Although the court below changed its mind on the question now under consideration when it came to pass upon the defendant's motion for judgment n.o.v.,

[ 366 Pa. Page 29]

    the trial judge did properly instruct the jury in such regard. The defendant submitted the following point, inter alia, for charge, -- "The plaintiff, Kenneth Wermeling, was contributorily negligent as a matter of law in passing or attempting to pass, the truck driven by the defendant, Arthur H. Shattuck, at the intersection of Route 20 and McKee Road." The trial judge affirmed that point, with a qualification, in the following language, -- "That point is affirmed, if you find that the plaintiff knew, or should have known, that that was an intersection." There was, therefore, no trial error on that score.

Coming to what the court below referred to as "the undisputed testimony" which convinced it that the plaintiff was driving at the time of the accident "at such a terrific rate of speed" as to to be guilty of contributory negligence as a matter of law, we find that the court had in mind, and so accredited, oral testimony for the defendant merely because it happened not to have been contradicted. In so doing, the court obviously disregarded the rule applicable on a motion by a defendant for judgment n.o.v. that "we must accept as true all the facts and proper inferences of fact, wherever appearing in the record, if favorable to plaintiffs, and must reject all those favorable to defendant, if depending solely upon testimony": Rossheim v. Bornot, Inc., 310 Pa. 154, 156, 165 A. 27. There was positive evidence in the case that the plaintiff was driving at a speed from forty-four to forty-eight miles per hour which was not an unlawful rate in the locality. But, the lower court reached its independent conclusion from the fact that a State policeman had testified that he measured the skid marks made by the plaintiff's car on the highway and found them to run continuously for one hundred and sixty-seven feet and from the further fact that the impact from the plaintiff's car had broken the wooden pole. "No fact

[ 366 Pa. Page 30]

    based on oral testimony in a trial ever possesses the character of legal incontrovertibility until it receives the imprimatur of a jury's acceptance": Majewski v. Lempka, 321 Pa. 369, 373, 183 A. 777. The court below not only ignored the fact that the highway was wet but incorrectly stated in the opinion that it was dry. Furthermore, there was no testimony as to the physical condition of the wooden pole prior to the accident; and, in any event, whatever inference might be deducible from the fact that the pole was broken by the plaintiff's car was for the jury to draw. Contrary to what the learned court below apparently thought, the evidence in the case was not such as to render applicable the incontrovertible physical facts rule.
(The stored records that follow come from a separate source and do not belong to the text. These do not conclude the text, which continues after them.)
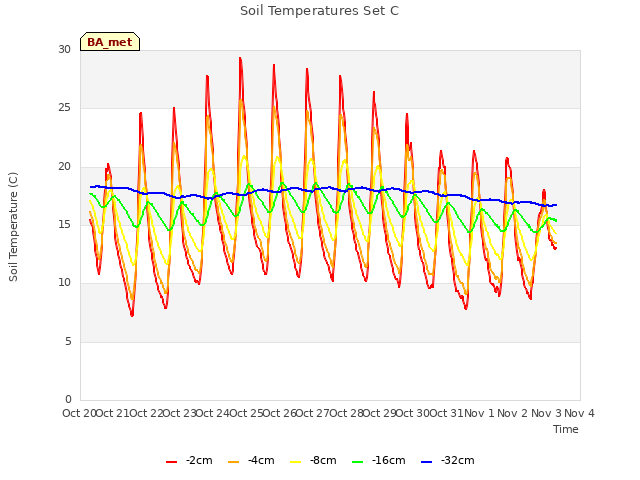 plot of Soil Temperatures Set C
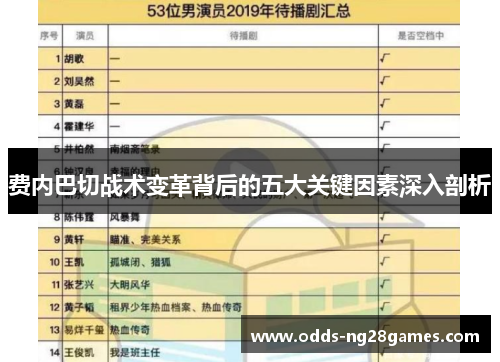 费内巴切战术变革背后的五大关键因素深入剖析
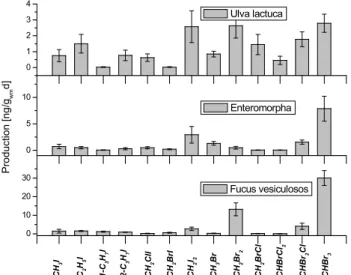 Fig. 8. Average concentrations of VHOCs in air samples taken at different locations during the North Sea campaign (Dageb¨ull) in Spring 2002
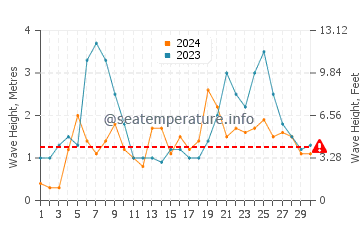 Waves height in Tutukaka in June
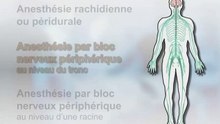 L'anesthésie loco-regionale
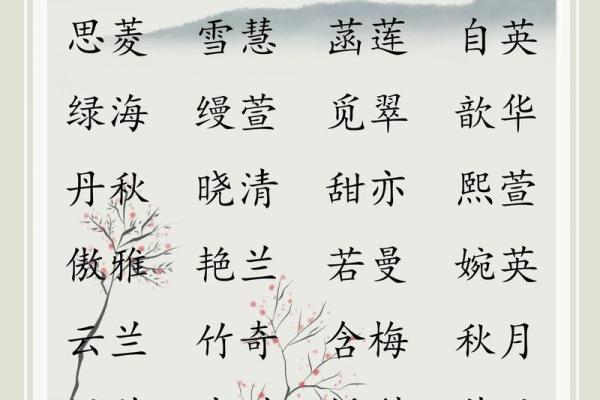 应姓女孩名字大全-应姓女孩起名字大全-应姓名字大全姓名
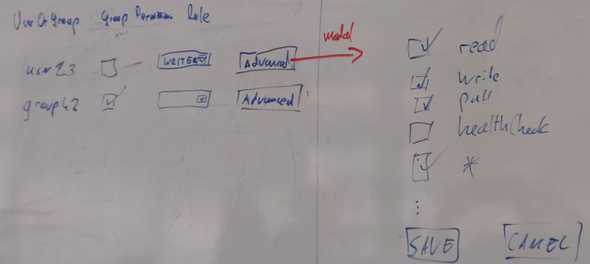 Permissions mockup repository permissions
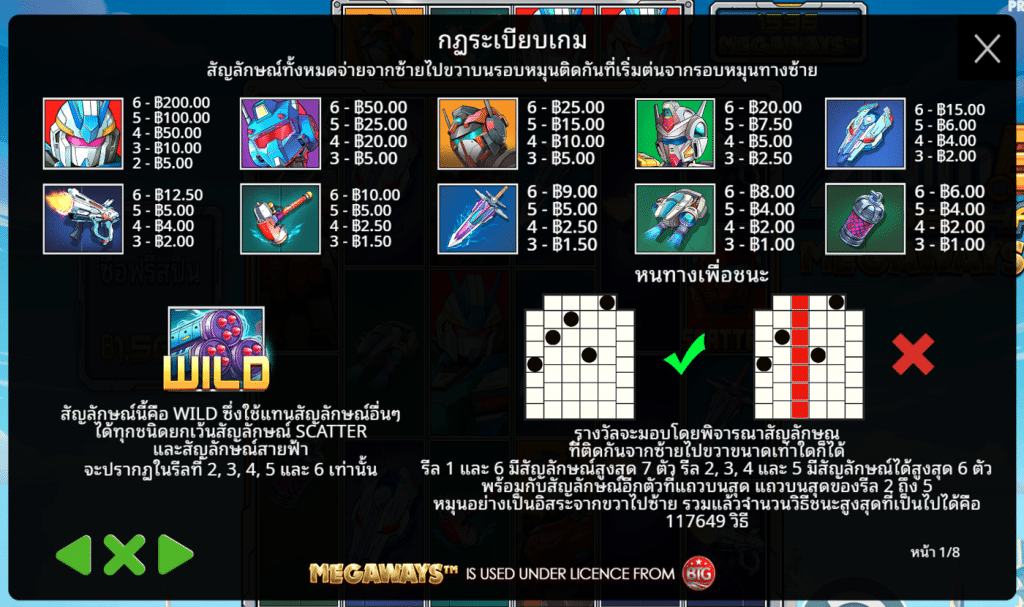 สัญลักษณ์ เกม ANIME MECHA MEGAWAYS ค่าย PRAGMATIC PLAY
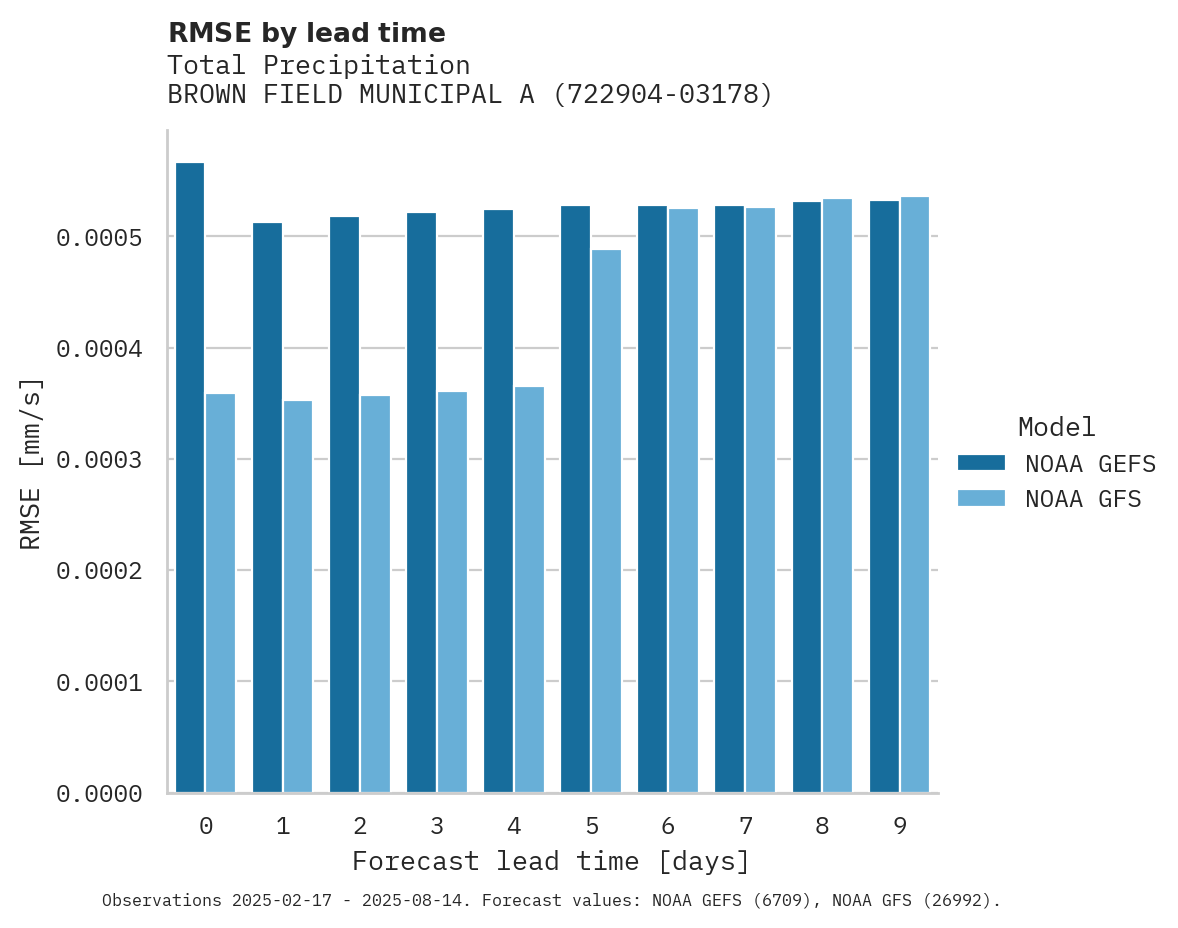 Precipitation RMSE by lead time for BROWN FIELD MUNICIPAL ARPT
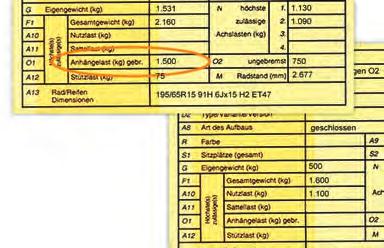 höchsten zulässigen gesamtmasse beider Fahrzeuge nicht über 4250 kg liegt.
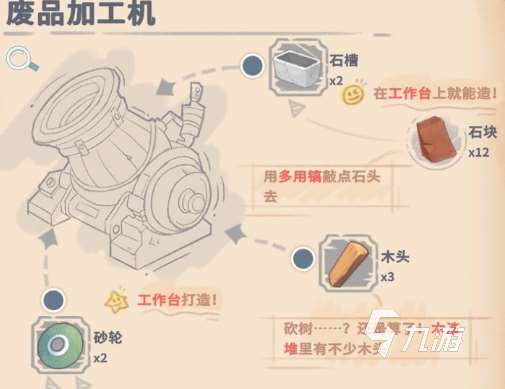 沙石镇时光前期需要多少机器 沙石镇时光前期所需机器介绍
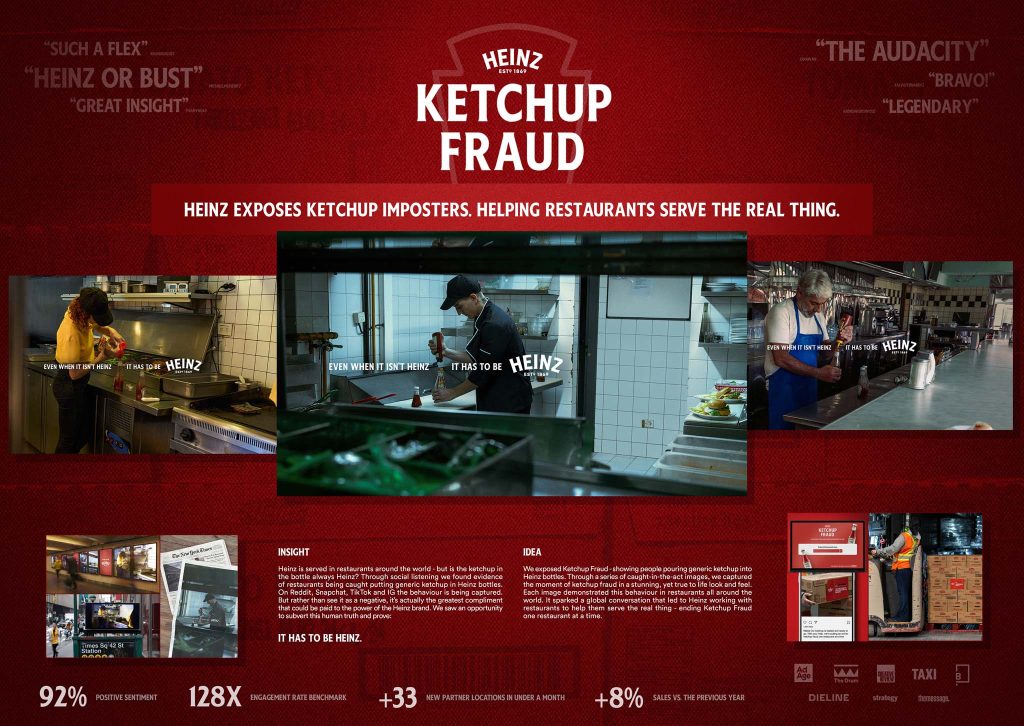 Heinz Ketchup Fraud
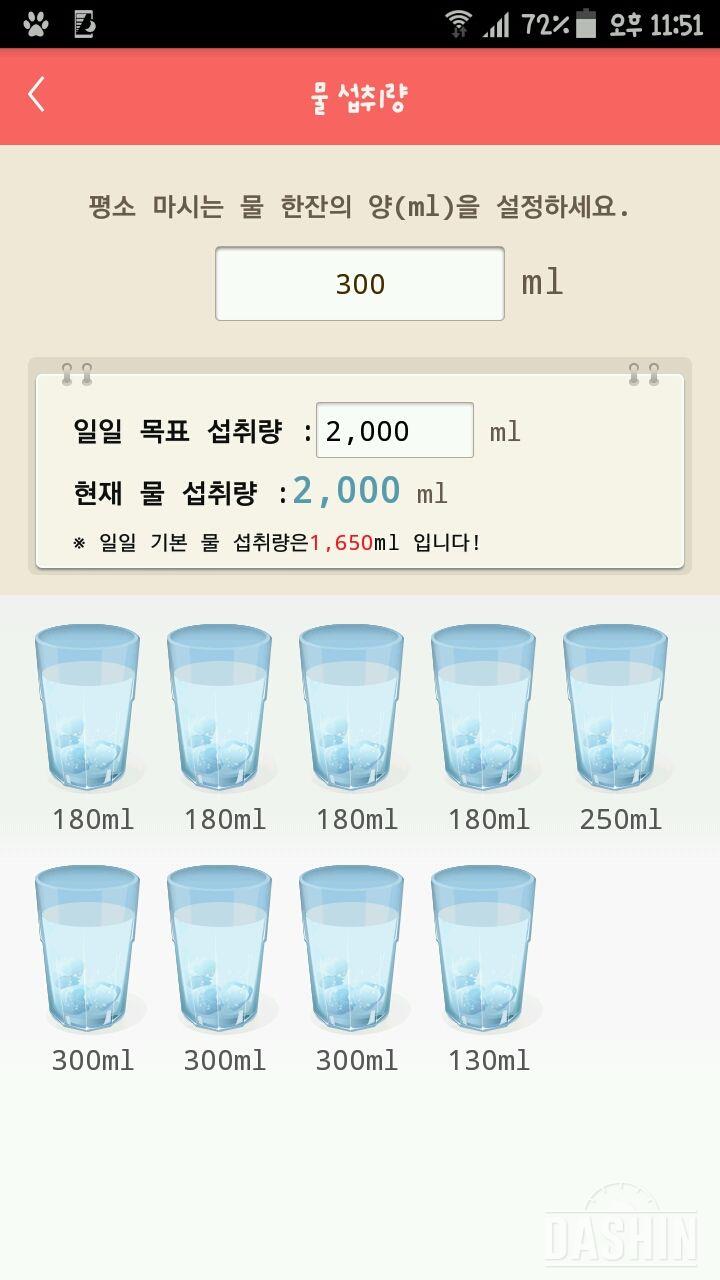 30일 하루 2L 물마시기 1일차 성공!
As was said in MacDonald v. Pennsylvania Railroad Co., 348 Pa. 558, 564, 36 A.2d 492, -- "To lay down a rule that whenever a trial court is convinced that the proofs on either side of a civil action in which there are issues of fact triable by a jury are so conclusive that the court can declare as a matter of law that the verdict must be for the party offering such proofs, would be to introduce a radical innovation in trial procedure in this Commonwealth. The error of the court below was in taking upon itself the fact finding functions of the jury."

The judgment is reversed and the case remanded for disposition of the motion for new trial and action by the court below thereafter not inconsistent with this opinion.


The judgment is reversed and the case remanded for disposition of the motion for new trial and action by the court below thereafter not inconsistent with this opinion.